Quando si parla di soluzioni, spesso si dice: “Bisogna combattere le cause che spingono le persone all’espatrio”. Giustissimo. Abbiamo visto tuttavia in questi ultimi anni e in questi ultimi mesi che tutte le pressioni esercitate sul governo del Sudan, per fare un esempio, non hanno avuto il minimo effetto per ridurre il massacro della gente del Darfur. Abbiamo visto che in un paese di scarsa rilevanza strategica ed economica, come l’Eritrea, il governo può impunemente violare i più elementari diritti dei cittadini. Abbiamo visto che dopo 13 anni dalla guerra civile in Somalia niente è cambiato e ancor oggi le persone sono costrette a fuggire. Quindi, quando parliamo di soluzioni, dobbiamo parlare innanzitutto di misure che permettano ai rifugiati e agli immigrati di trovare un posto sicuro dove possano riprendere una vita normale.

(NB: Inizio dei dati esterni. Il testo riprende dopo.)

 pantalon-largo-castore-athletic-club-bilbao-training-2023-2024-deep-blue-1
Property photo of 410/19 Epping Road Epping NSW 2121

Una di queste soluzioni è il reinsediamento (re-settlement), realizzato su scala significativa: ci sono programmi di re-settlement gestiti dall’ACNUR, per esempio, di sudanesi ex Etiopia: con 128 persone nei primi 3 mesi del 2004, o di sudanesi ex Egitto, 942 persone. I pochi paesi europei che partecipano a programmi di re-settlement mettono, tutti insieme, a disposizione poco più di 1.000 posti l’anno.

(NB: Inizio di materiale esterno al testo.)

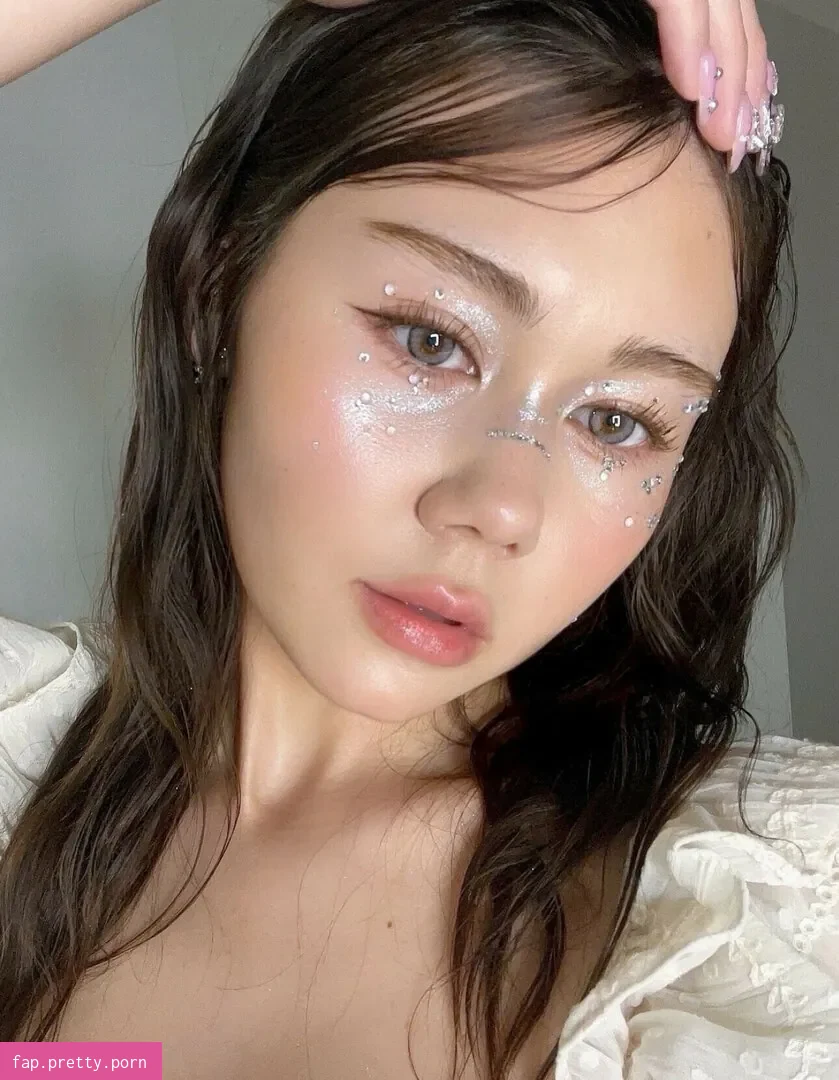 Erika Titus - Photo #65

Non è certo questa l’entità che può avere un impatto effettivo sui disperati movimenti irregolari di persone da un paese all’altro. Per l’Unione Europea dovremmo ragionare intorno a un numero di circa 100.000 posti l’anno per re-settlement, distribuiti nei 25 stati membri.

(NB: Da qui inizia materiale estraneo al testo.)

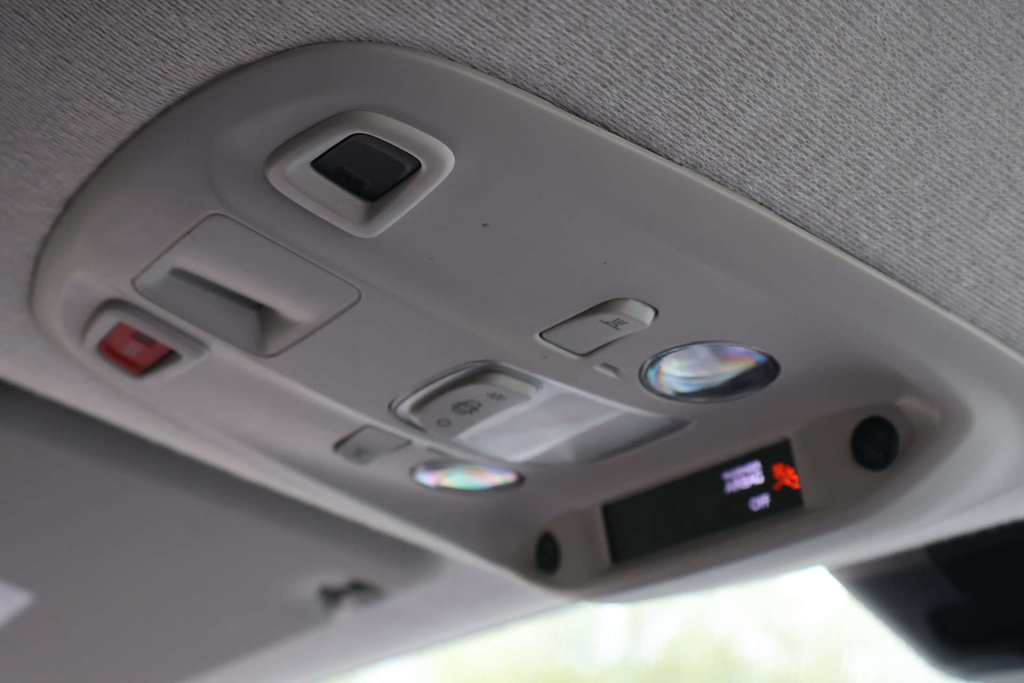 Fiat Scudo Tecnico White #78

Quale ulteriore soluzione vediamo poi la possibilità di chiedere protezione agli stati europei attraverso le ambasciate e i consolati o gli uffici della Commissione Europea da istituire in paesi terzi, tipo la Libia. Pensiamo anche, parallelamente, a programmi europei significativi di immigrazione per motivi di lavoro o di studio, nonché a meccanismi molto più generosi e realistici di ricongiungimento familiare.
Allo stesso tempo, una politica strategica dovrà anche assicurare che i paesi di primo asilo e di transito siano messi in grado di onorare gli obblighi internazionali assunti in materia di rispetto dei diritti umani, in generale, e del diritto di asilo, in particolare. La totale mancanza di strutture ricettive e di sufficienti garanzie per il rispetto dei diritti elementari della persona in un paese come la Libia deve essere materia di interventi bilaterali e multilaterali in Europa.

Noi pensiamo che gli Enti di tutela, quale è il CIR, le Associazioni e i Sindacati non possano limitarsi a criticare le scelte e le proposte governative senza partecipare, allo stesso tempo, alla ricerca di soluzioni e offrendo la propria collaborazione. Non è più possibile considerare la materia dei rifugiati solo dal momento in cui il richiedente asilo arriva fisicamente nel territorio.
La giusta preoccupazione che ci induce a temere l’utilizzo della cooperazione con stati terzi quale escamoutage dei governi per ridurre ulteriormente la presa in carico delle persone che arrivano spontaneamente non ci dovrà condurre ad un immobilismo di fronte ad una questione divenuta centrale nel diritto d’asilo oggi: l’accesso alla protezione internazionale in circostanze sicure e protette.